▸ **The task**
Leave out the pictures and return every entry exactly as it appears.

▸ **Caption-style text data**
● ● ● ● ●

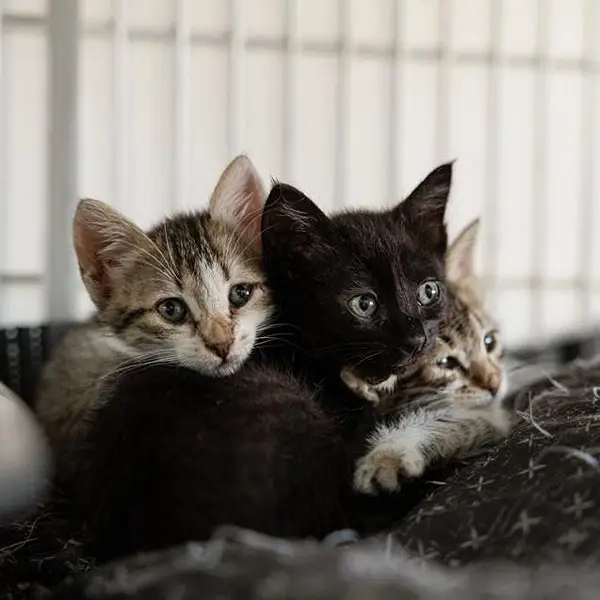 llegada de un nuevo gatito presentación y cuidados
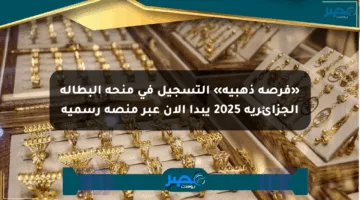 «فرصة ذهبية» التسجيل في منحة البطالة الجزائرية 2025 يبدأ الآن عبر منصة رسمية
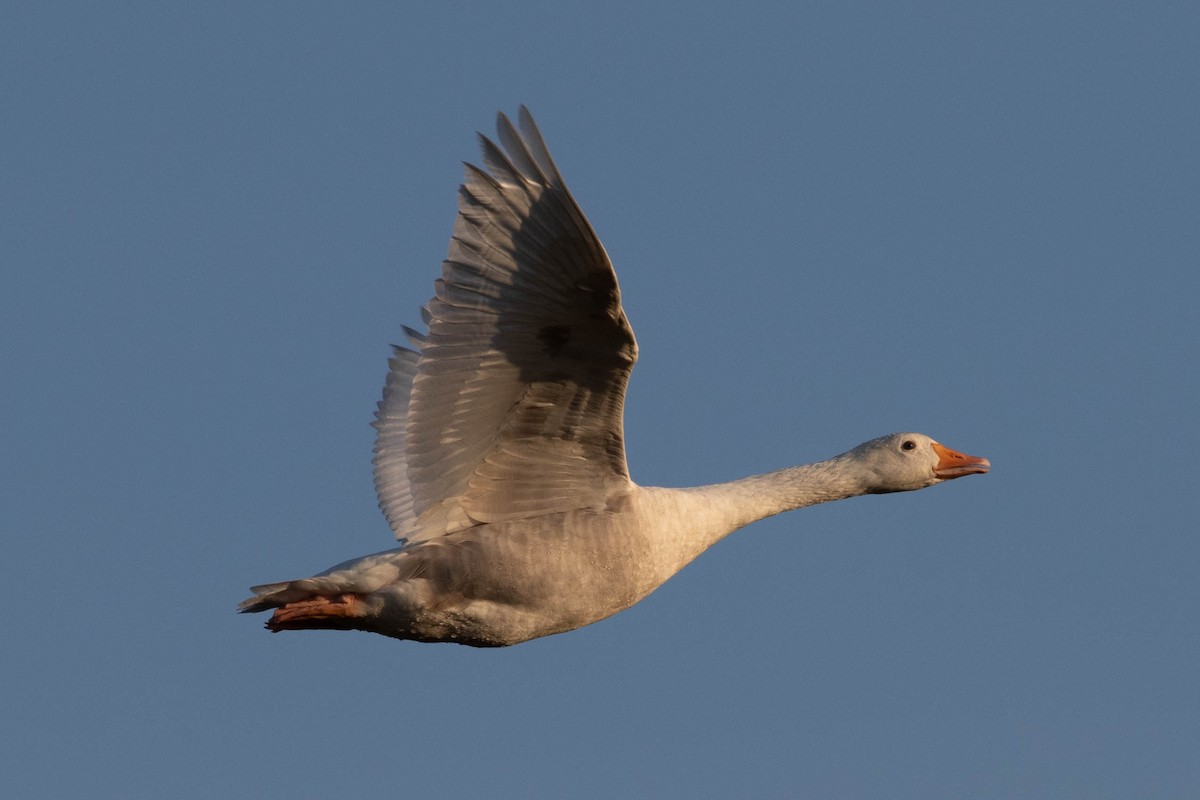 Domestic goose sp. (Domestic type) - ML642433578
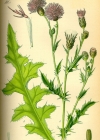 Einzelbild 3 Acker-Kratzdistel - Cirsium arvense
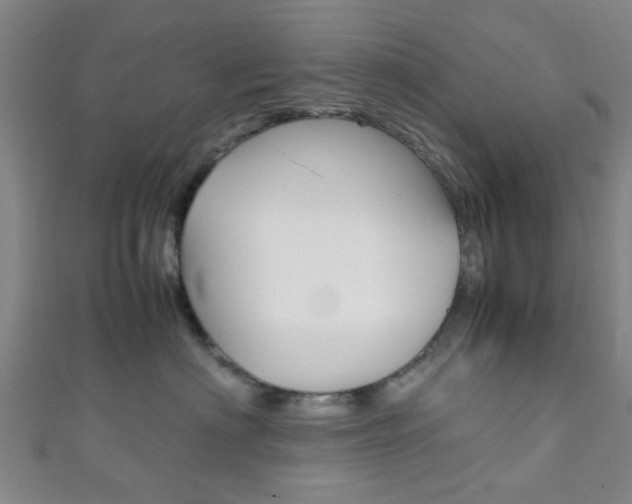 X0000111860622200907231132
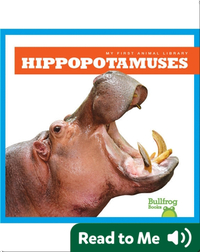 My First Animal Library: Hippopotamuses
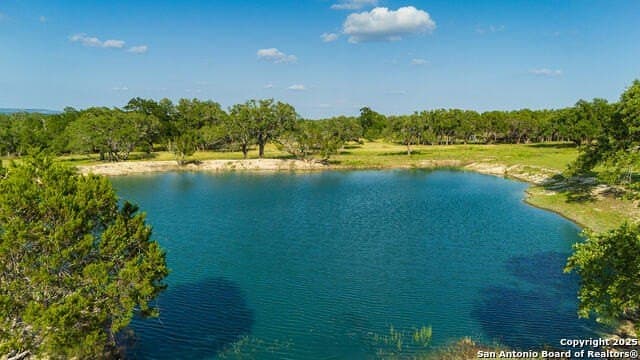98.73 acres in Blanco County - photo 18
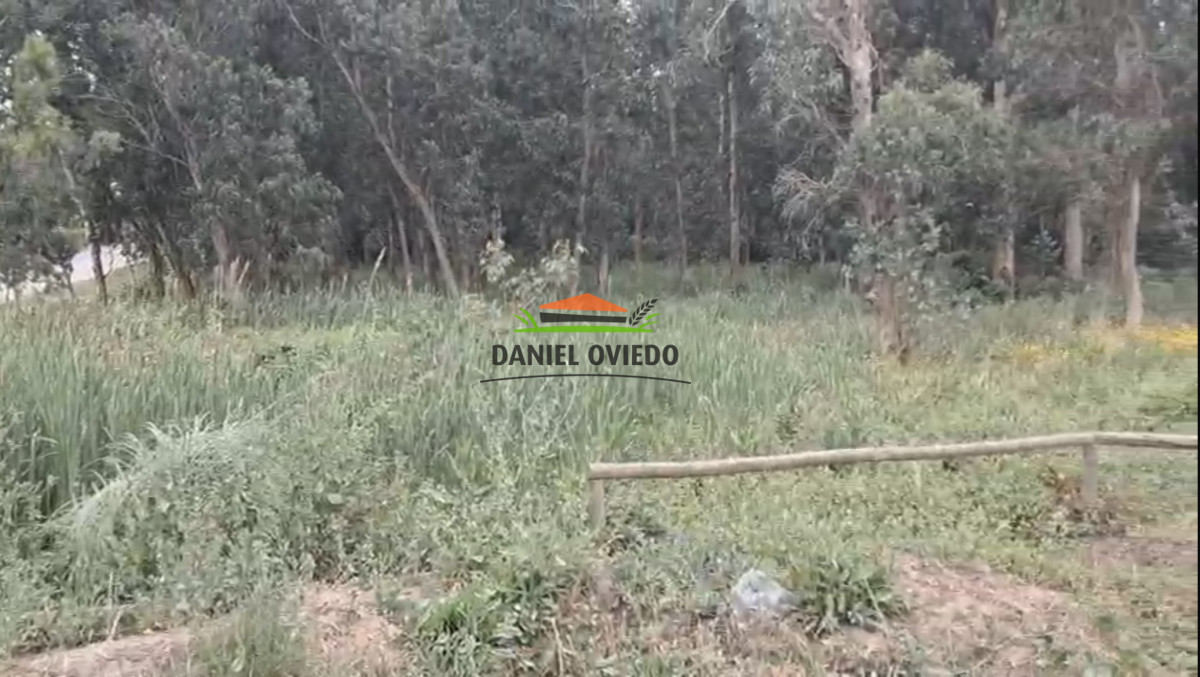 Terreno ID.326/Gran-terreno-en-venta-en-Luis-Sambucetti,-El-Tesoro. - Gran terreno en venta en Luis Sambucetti, El Tesoro.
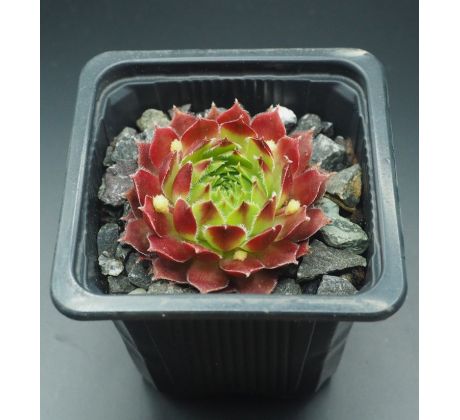 Sempervivum PATRAS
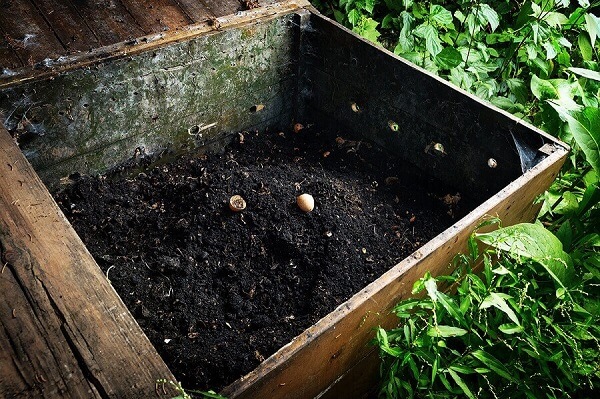 Sampah organik diolah menjadi pupuk kompos yang dapat digunakan untuk berkebun.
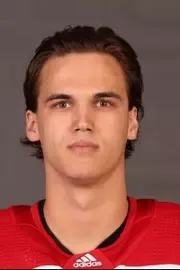 Raimonds Vitolins, Hockey, undefined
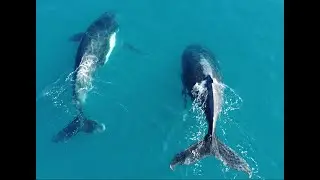 Sailing Rakali from the Kimberley to Dampier Archipelago, 2025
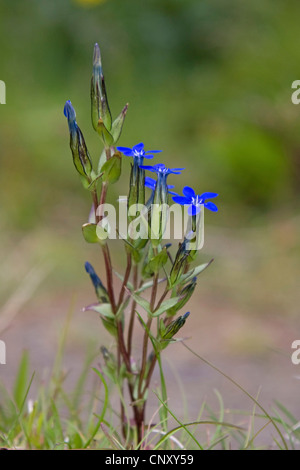 Alpine gentian (Gentiana nivalis), blooming, Iceland, Myvatn Stock Photo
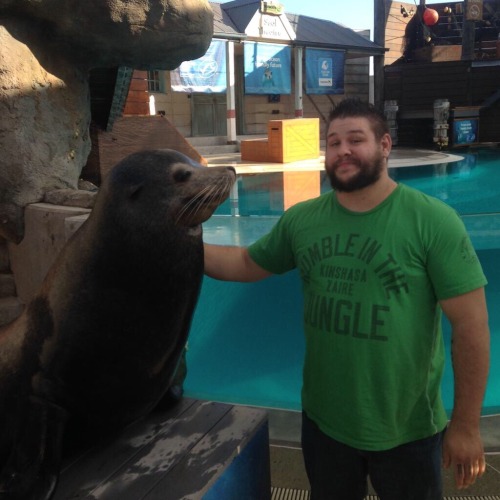 Sex unstablexbalor: Zoo Enthusiast Kevin Owens pictures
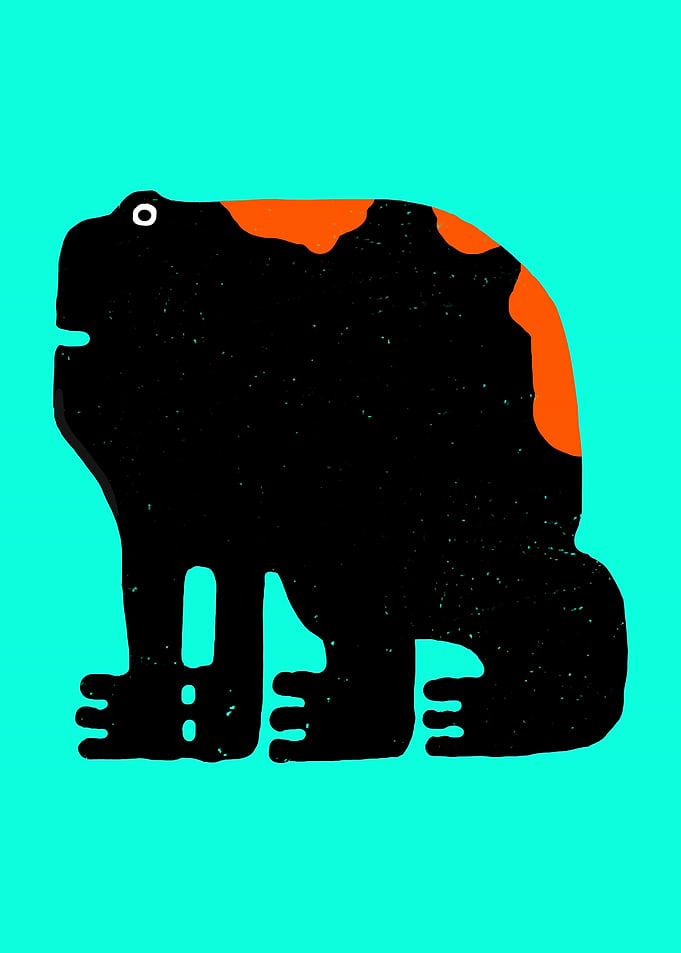 Frog Frog Frog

● ● ● ● ●

▸ **Output below**
 llegada de un nuevo gatito presentación y cuidados
 «فرصة ذهبية» التسجيل في منحة البطالة الجزائرية 2025 يبدأ الآن عبر منصة رسمية
 Domestic goose sp. (Domestic type) - ML642433578
 Einzelbild 3 Acker-Kratzdistel - Cirsium arvense
 X0000111860622200907231132
 My First Animal Library: Hippopotamuses
98.73 acres in Blanco County - photo 18
 Terreno ID.326/Gran-terreno-en-venta-en-Luis-Sambucetti,-El-Tesoro. - Gran terreno en venta en Luis Sambucetti, El Tesoro.
 Sempervivum PATRAS
 Sampah organik diolah menjadi pupuk kompos yang dapat digunakan untuk berkebun.
 Raimonds Vitolins, Hockey, undefined
 Sailing Rakali from the Kimberley to Dampier Archipelago, 2025
 Alpine gentian (Gentiana nivalis), blooming, Iceland, Myvatn Stock Photo
 Sex unstablexbalor: Zoo Enthusiast Kevin Owens pictures
 Frog Frog Frog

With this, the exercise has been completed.